TASK INSTRUCTIONS:
Each line below must be set down exactly; omit any image you find.

[Image-text web data]
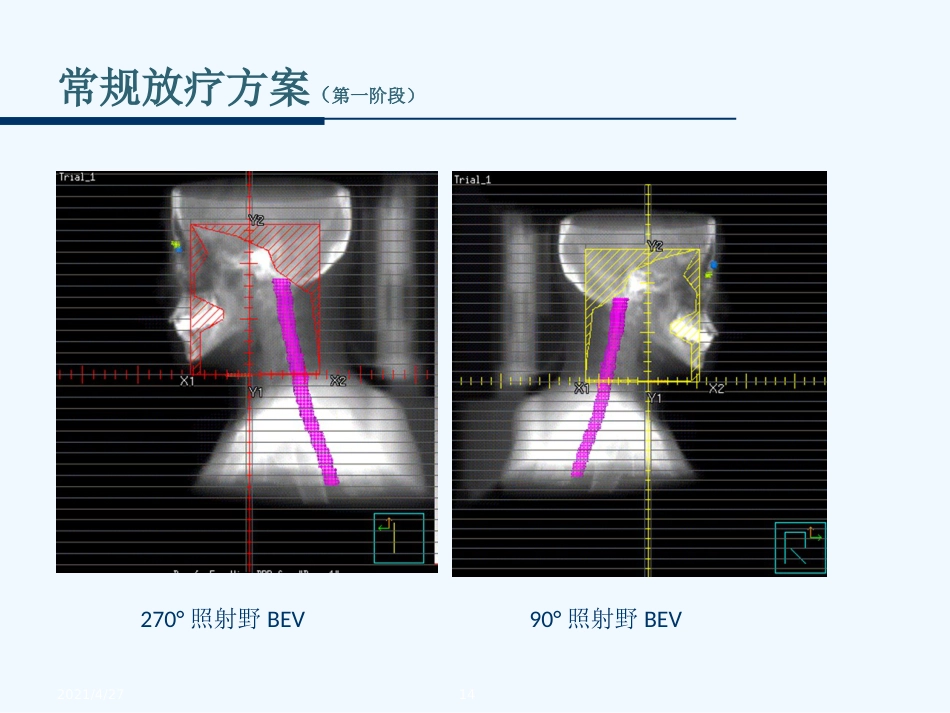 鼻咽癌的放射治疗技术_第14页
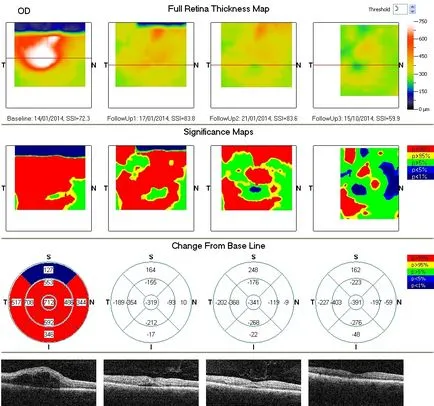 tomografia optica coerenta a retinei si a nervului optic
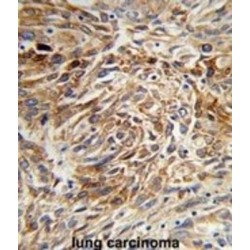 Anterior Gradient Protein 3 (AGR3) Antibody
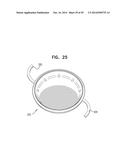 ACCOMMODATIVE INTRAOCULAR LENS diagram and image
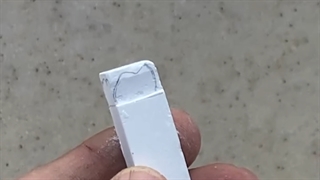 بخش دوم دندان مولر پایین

ANSWER TO THE EXERCISE:
 鼻咽癌的放射治疗技术_第14页
 tomografia optica coerenta a retinei si a nervului optic
 Anterior Gradient Protein 3 (AGR3) Antibody
 ACCOMMODATIVE INTRAOCULAR LENS diagram and image
 بخش دوم دندان مولر پایین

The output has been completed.